Als der Mensch vor 10.000 Jahren die Landwirtschaft erfand, begann er nicht nur, Pflanzen anzubauen und Tiere zu halten – sondern diese auch gezielt zu züchten. So entstanden im Laufe der Zeit auf möglichst viel Fleisch- oder Milchproduktion ausgelegte Tierarten und Kulturpflanzen mit mehr und größeren Früchten. Als Nebenwirkung führte dieser Zuchtprozess jedoch zu einer geringeren genetischen Vielfalt und zum Verlust zahlreicher nützlicher Eigenschaften.
Viele moderne Kulturpflanzen sind beispielsweise weniger widerstandsfähig als ihre wilden Vorfahren. Sie sind anfällig für Krankheiten, reagieren empfindlich auf Schädlingsbefall und können nicht gut mit Trockenheit oder Überschwemmungen umgehen. Genau solche Merkmale werden angesichts des Klimawandels und der wachsenden Weltbevölkerung zunehmend zum Problem – durch traditionelle Zucht sind sie aber nur schwer oder gar nicht auszumerzen.
Umstrittener Genmais
Eine Lösung soll die Grüne Gentechnik sein. Dabei werden Pflanzen mithilfe gentechnischer Verfahren mit gewünschten Eigenschaften ausgestattet. Oft geschieht dies, indem ein oder mehrere Gene einer anderen Art in das Erbgut der Pflanze eingeschleust werden. Derart veränderte Pflanzen wurden erstmals 1995 in Kanada kommerziell angepflanzt: in Form von Genraps. Im Jahr darauf folgte bereits die wirtschaftliche Nutzung von transgenem Soja in den USA. Inzwischen werden transgene Kulturpflanzen weltweit auf einer Fläche von knapp 190 Millionen Hektar angebaut.
In der Europäischen Union ist derzeit allerdings nur eine gentechnisch veränderte Pflanze überhaupt zum Anbau zugelassen: Mais der Sorte MON810. Er trägt ein Gen des Bodenbakteriums Bacillus thuringiensis in sich und ist dadurch in der Lage, einen insektiziden Stoff zu produzieren.

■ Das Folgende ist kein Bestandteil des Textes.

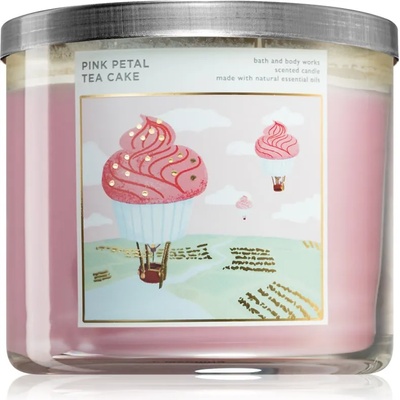 Bath & Body Works Pink Petal Tea Cake ароматна свещ 411 гр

Dank dieser chemischen Waffe kann er Schädlinge wie den Maiszünsler abtöten, bevor Fraßschäden entstehen.
Nach dem CRISPR-Prinzip
Dass nicht mehr Genpflanzen auf den Feldern Europas wachsen dürfen, hat einen guten Grund: die Gentechnik ist hoch umstritten. Kritiker glauben, dass die Folgen solcher DNA-Manipulationen nicht absehbar sind. Sie befürchten Risiken für Umwelt und Verbraucher. So tötet das vom Genmais produzierte Gift beispielsweise nicht nur Schädlinge, sondern auch andere Insekten. „Gen-Pflanzen stellen eine Gefahr für das ökologische Gleichgewicht und die menschliche Gesundheit dar“, ist etwa Greenpeace überzeugt.

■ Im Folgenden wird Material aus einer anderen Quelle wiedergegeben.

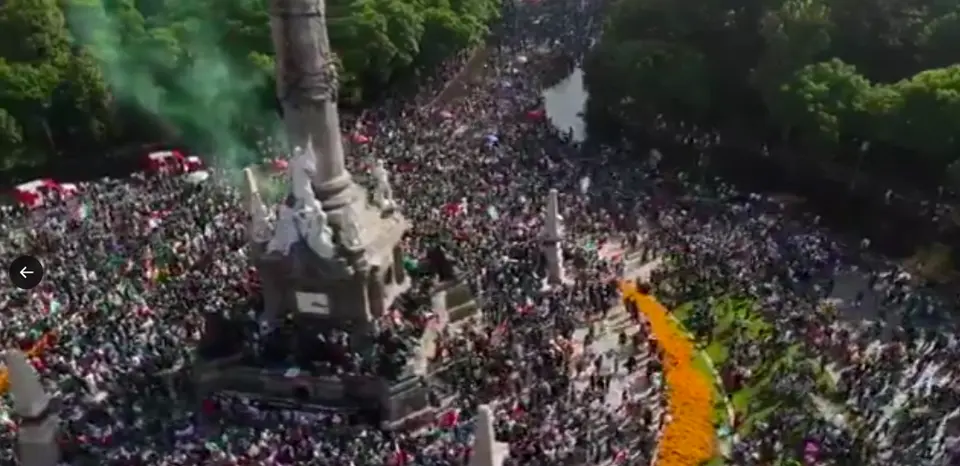 La tradición de celebrar en el Ángel de la Independencia nació durante el Mundial de 1970, luego de la goleada de México por 4-0 sobre El Salvador./ Captura de pantalla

An dieser Stelle kommt die Genschere CRISPR ins Spiel: Dieses neue molekularbiologische Werkzeug ist präziser als transgene Methoden und bringt keine artfremde DNA in die Pflanze. Stattdessen schreibt es das Erbgut durch winzige Veränderungen um – eine Technik, die natürlich auftretenden Mutationsprozessen gleicht. Aus diesem Grund könnten mit der Genschere veränderte Pflanzen sicherer sein und möglicherweise weniger Bedenken auslösen, so die Hoffnung von Agrarkonzernen.
Von wild zu kultiviert
Wissenschaftler haben bereits gezeigt, dass sich mit diesem Ansatz binnen einer Generation aus Wild- Kulturpflanzen machen lassen. Ursprüngliche und besonders widerstandsfähige Arten könnten somit quasi im Turboverfahren in Zuchtpflanzen mit größeren Früchten und mehr Ertrag verwandelt werden – und zwar ohne ihre wertvollen „wilden“ Eigenschaften zu verlieren.

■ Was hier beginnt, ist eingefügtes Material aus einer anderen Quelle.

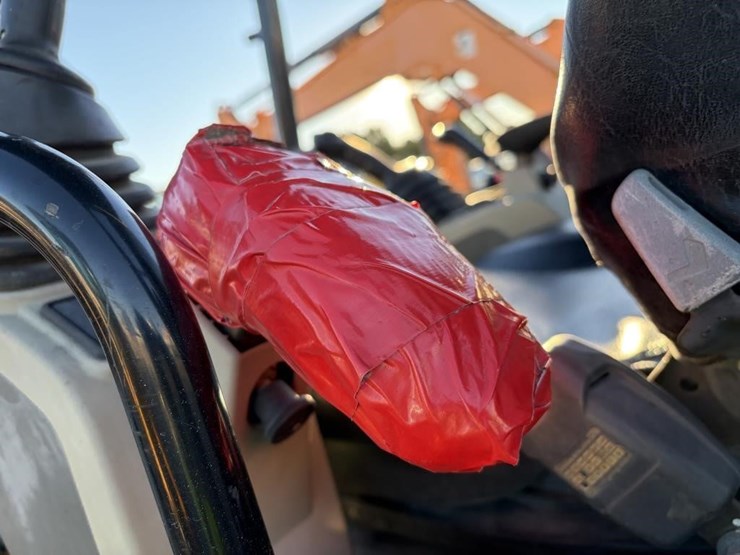 2017-caterpillar-305.5e2-cr-image-29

Doch in Europa mussten Befürworter solcher Strategien jüngst einen herben Rückschlag hinnehmen. So beschloss der Europäische Gerichtshof, dass mit dem CRISPR-Verfahren manipulierte Pflanzen rechtlich nicht anders als andere gentechnisch veränderte Pflanzen zu beurteilen sind. Welche Rolle CRISPR für die Landwirtschaft von morgen spielen wird, bleibt zumindest bei uns damit vorerst unklar.